The former G.F. Schiavoni Plumbing warehouse on Jermain Avenue, which has been vacant for several years, has most recently served as a tableau for graffitti artists who have painted it with a giant pink whale, the word FREEDUM and a number of tags.

But now, its new owners, 64 Jermain LLC, want to convert the two-story brick and concrete  former factory building into four condominiums.

The most basic of plans were unveiled before the Sag Harbor Zoning Board of Appeals on Tuesday, which has been asked to consider changing the use of the property from warehouse/office to condominums, where both would be considered nonconforming in the neighborhood, which is zoned for half-acre residential lots.

The plans showed the existing building being used for the condominums, although no floor plans or elevations were provided. Each unit would have its own deck and pool. Most of the property, about four acres to the rear, which is largely wetlands, would be preserved, with the development rights being transferred to Suffolk County, according to attorney Dennis Downes, who represented the applicants.

According to the application filed with the village building department, 64 Jermain LLC, has a mailing address at 102 Franklin Street in New York City. David Siolverstein and Markus Dochantschi signed paperwork, idenfitying themselves as “members” of the limited liability corporation.

Although Mr.

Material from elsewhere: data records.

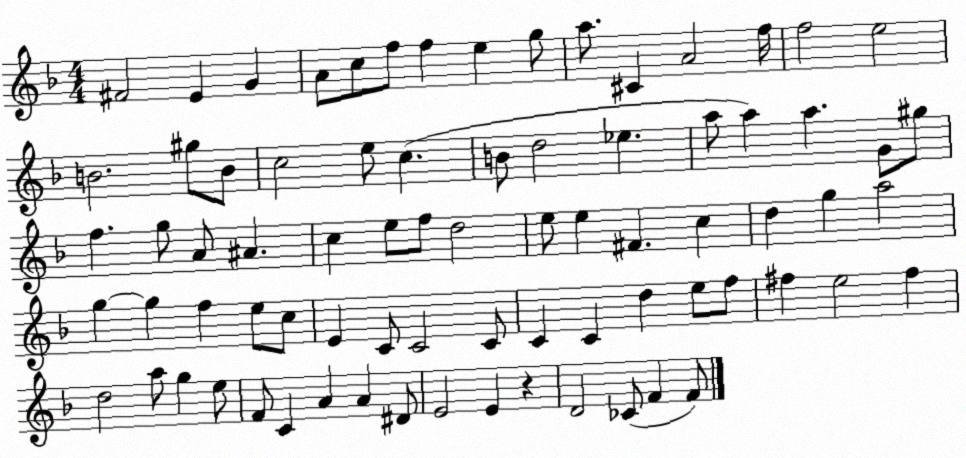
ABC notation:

X:1
T:Untitled
M:4/4
L:1/4
K:F
^F2 E G A/2 c/2 f/2 f e g/2 a/2 ^C A2 f/4 f2 e2 B2 ^g/2 B/2 c2 e/2 c B/2 d2 _e a/2 a a G/2 ^g/2 f g/2 A/2 ^A c e/2 f/2 d2 e/2 e ^F c d g a2 g g f e/2 c/2 E C/2 C2 C/2 C C d e/2 f/2 ^f e2 ^f d2 a/2 g e/2 F/2 C A A ^D/2 E2 E z D2 _C/2 F F/2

Downes told the board it was merely being asked to consider the change in use, the board’s attorney, Denise Schoen had other ideas. She said if the ZBA ruled on the application, it would be considered “segmentation” under the State Environmental Quality Review Act, which is prohibited, “because we haven’t done a full environmental review.” Segmentation occurs when a reviewing board does not look at the total scope of a project during the environmental review process.

She said the application should first be reviewed by the planning board, which would weigh in on the site plan before deciding whether or not to refer it to the ZBA for the use change application.

But Mr. Downes, referring to recent staff changes in the building department, said he had been told by “three building inspectors over six months” that the first step would be to come before the ZBA first.

Ms. Schoen also questioned whether the existing use, as a warehouse and office, had been abandoned by the Schiavonis after they moved their plumbing business out, although Mr. Downes argued that courts had ruled that a use could not be considered abandoned if a property were on the market. If the use were to be abandoned, the property would revert to the half-acre, single-family residential zoning like the rest of the surrounding area.

Before tabling the application, which the board’s environmental consultant, Richard Warren, said would have to be subjected to another public notice, the board opened the matter for public comment.

“Condominiums in the existing building sounds very appealing,” said Anita Guarino, a resident of Joels Lane. “Condominiums with four pools not so much.” She said her major concern was that the wetlands would be protected and that neighbors would be kept informed of the progress of the application.

Paul Babcock, the owner of Cappy Amundsen’s former studio at the corner of Madison Street and Jermain Avenue, was also before the board, seeking a change of use that would allow him to rent a portion of the ground floor of his building to an antique shop or as an office.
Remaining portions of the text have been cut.